Der Kapitän gibt die Richtung vor

15.02.2020, 16:41 Uhr von:  Michael
Der Kapitän gibt die Richtung vor

Es ist ein Phänomen, das jeder Kreisliga-Spieler kennt. Auswärtsspiele sind scheiße. Man muss früher los, teilweise mehr als 15 km weit fahren, die Kabinen sind dreckig, die Duschen kalt, die Toiletten verranzt und der Platz ist scheiße.

Na gut, zuhause sind die Kabinen auch dreckig, die Duschen kalt, die Toiletten verranzt und der Platz scheiße, aber es gehört einem halt. Und deswegen gewinnt man.
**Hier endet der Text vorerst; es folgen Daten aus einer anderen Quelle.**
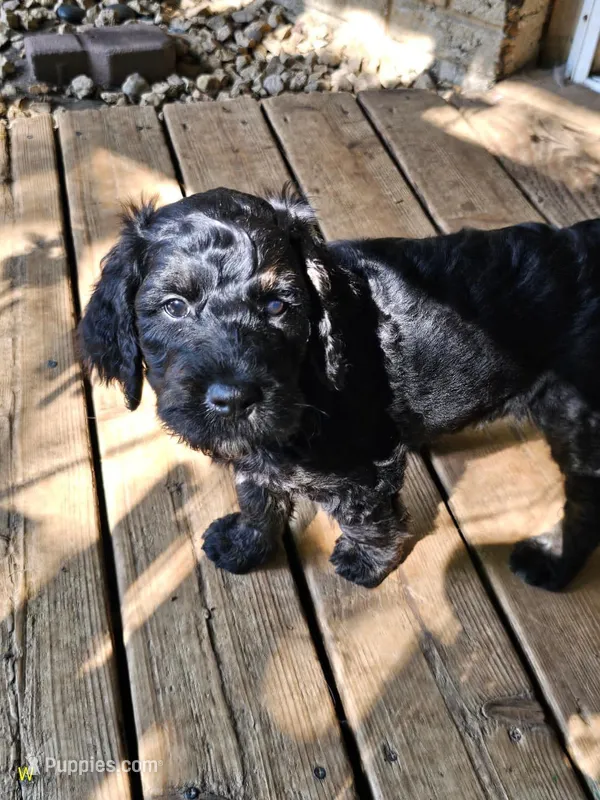 Wybie – Goldendoodle puppy for sale in Holmen, WI
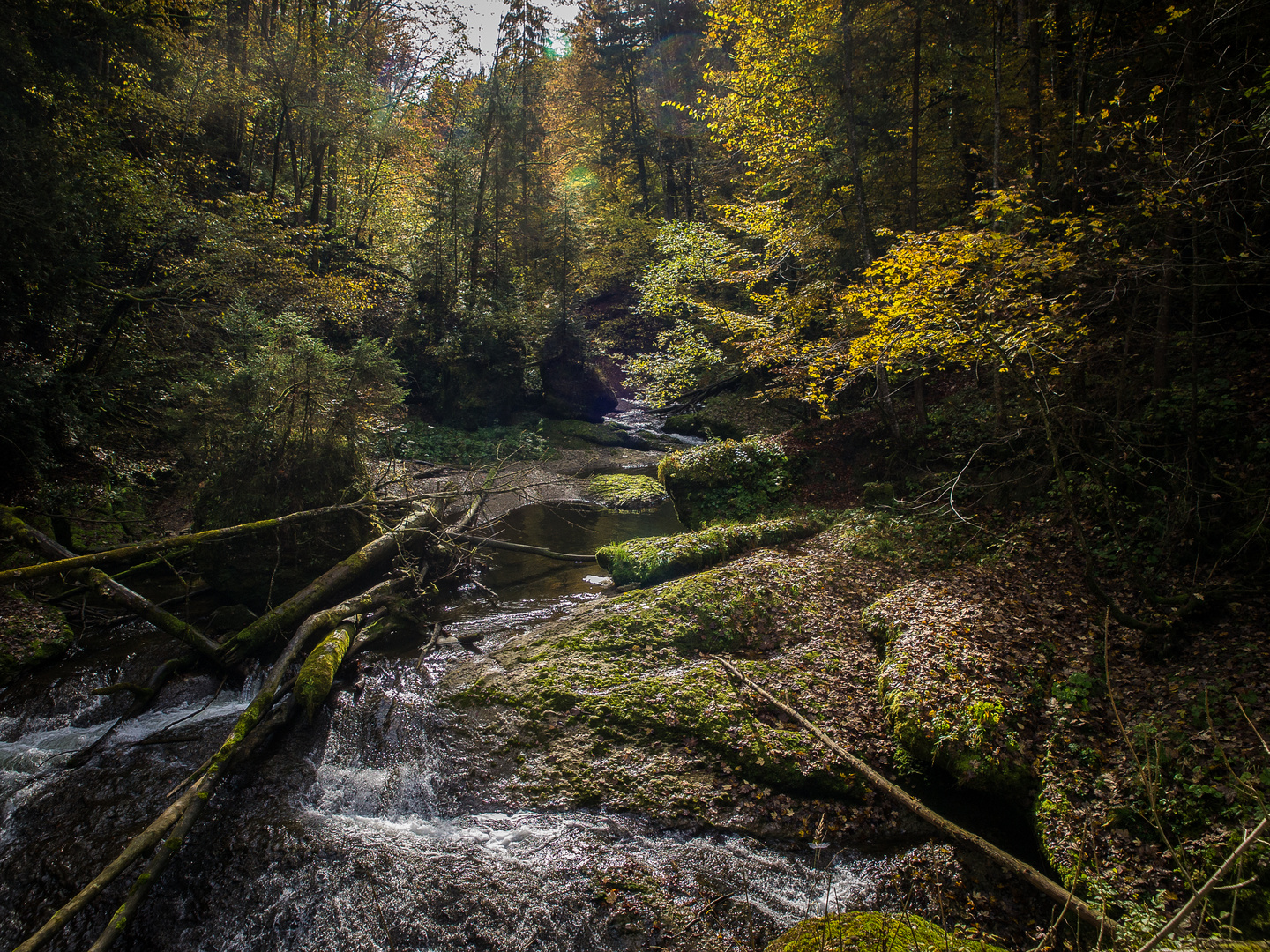 Tief in die Schlucht geschaut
Offenbar scheint es in der Bundesliga ähnlich zu sein. Der BVB bleibt nach zwei empfindlichen Auswärtsniederlagen in Bremen und Leverkusen zuhause weiter ungeschlagen.

Personelles

Teil 1 der Choreografie von THE UNITY

Lucien Favre erhörte das Flehen vieler Fans und gab Akanji eine Pause. Hatte man Anfang der Rückrunde noch gehofft, dass Akanji sich die Sicherheit über die Spiele gegen Köln, Düsseldorf und Union wiederholen kann, zeigte sich in Leverkusen wieder die derzeitige Formschwäche des Schweizers. Lukasz Piszczek bildete zusammen mit Hummels und Zagadou die Dreierkette.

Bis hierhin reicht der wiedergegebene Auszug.